Mayor Kooiker goes on to invite his prominent detractors to lunch at Culver's. Indeed, if there is one shortcoming to blog interaction, it is that we can't pass the ketchup.
Now some public officials fear engaging in online conversation because they don't want their words to become part of the public record. They prefer private meetings, quiet lunches, and quick café stops where they can simply chat of the record. But with so many regular folks sharing their thoughts by Facebook and e-mail, even a brief chat with a voter at a restaurant can become a blog post, making diner conversations available to a much broader audience of constituents.

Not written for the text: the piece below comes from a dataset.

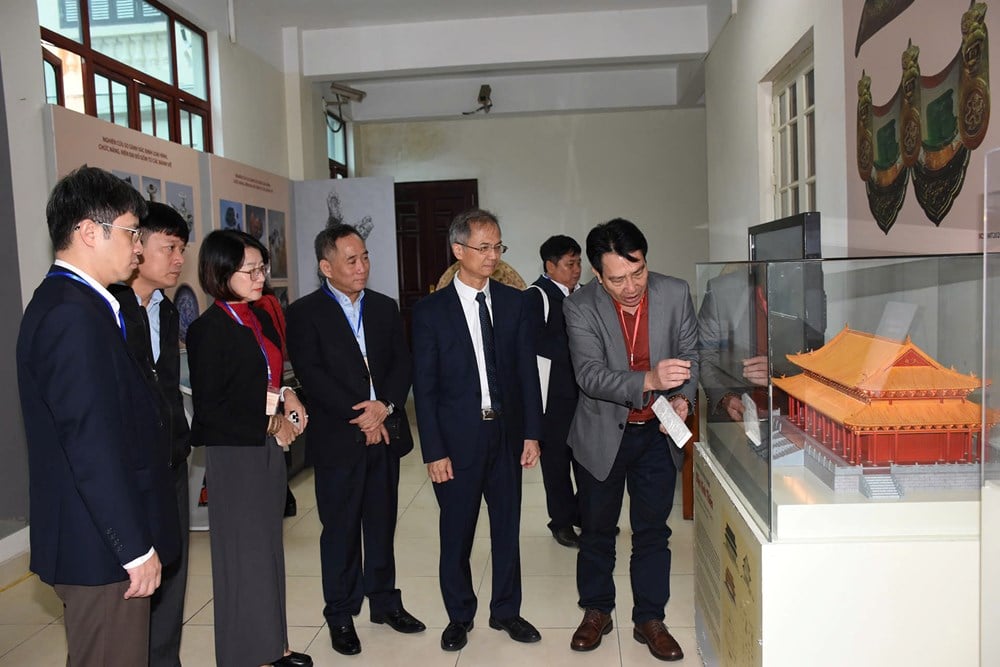 Avkodning av den tusenåriga huvudstadens underjordiska mysterium - foto 1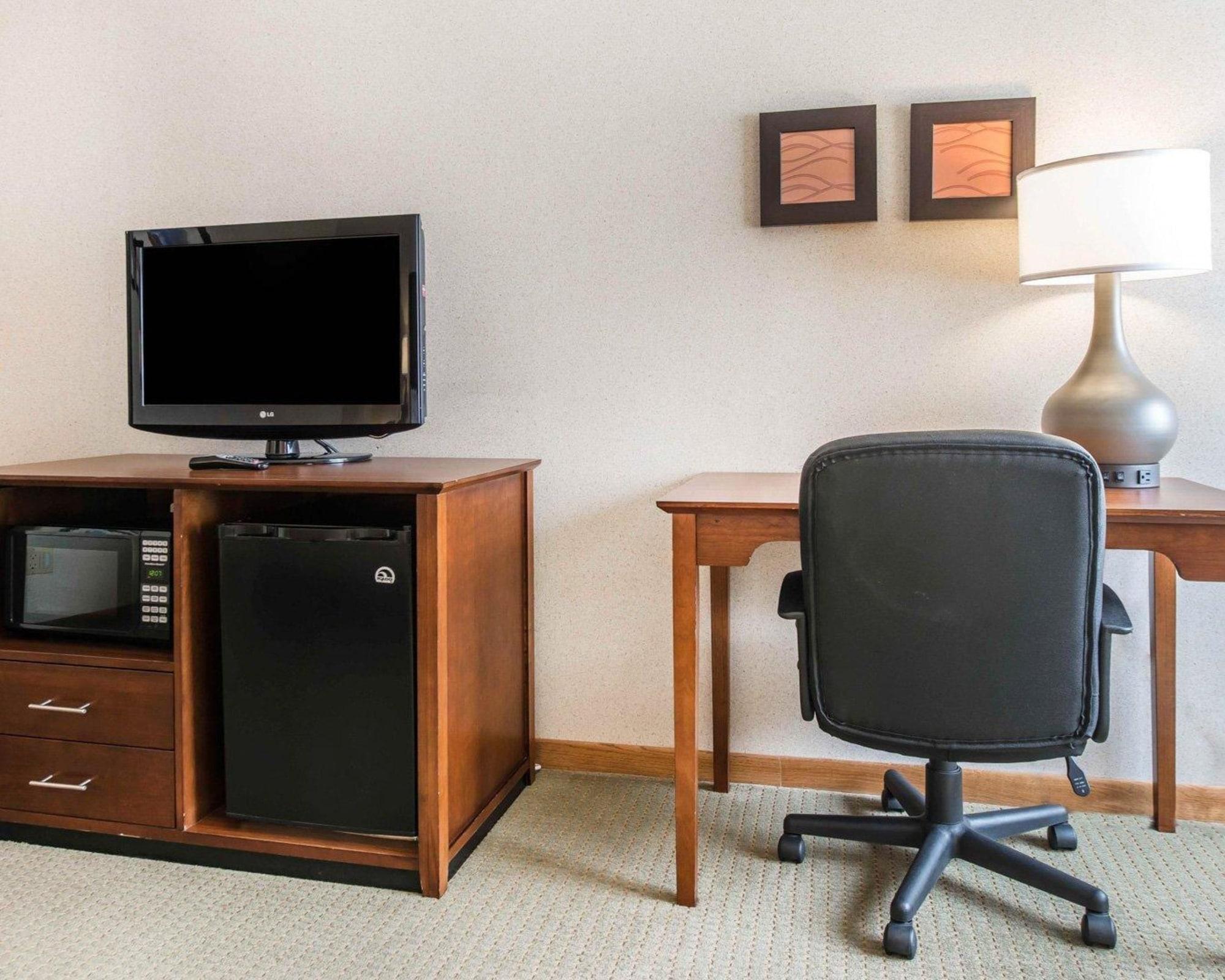 Comfort Inn Salida Kültér fotó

That's not a bad thing; allowing everyone to be "in" on the conversation is quite healthy for democracy.
Reps. Hickey, Hunhoff and Hoffman, Mayor Kooiker, thank you for realizing something that all public officials and the rest of us citizens need to understand. Blogs, Facebook, and other social media are not just a pastime for kids throwing spitballs and sharing beer pictures. The South Dakota blogosphere is also an ongoing public conversation, open to anyone who can hunt and peck. It is a place where we can learn what our fellow citizens and public servants are thinking and provide input, just as we do at other public fora, to help guide public decision-making.
Steve, Bernie, Charlie, and Sam can do it. So can the rest of you.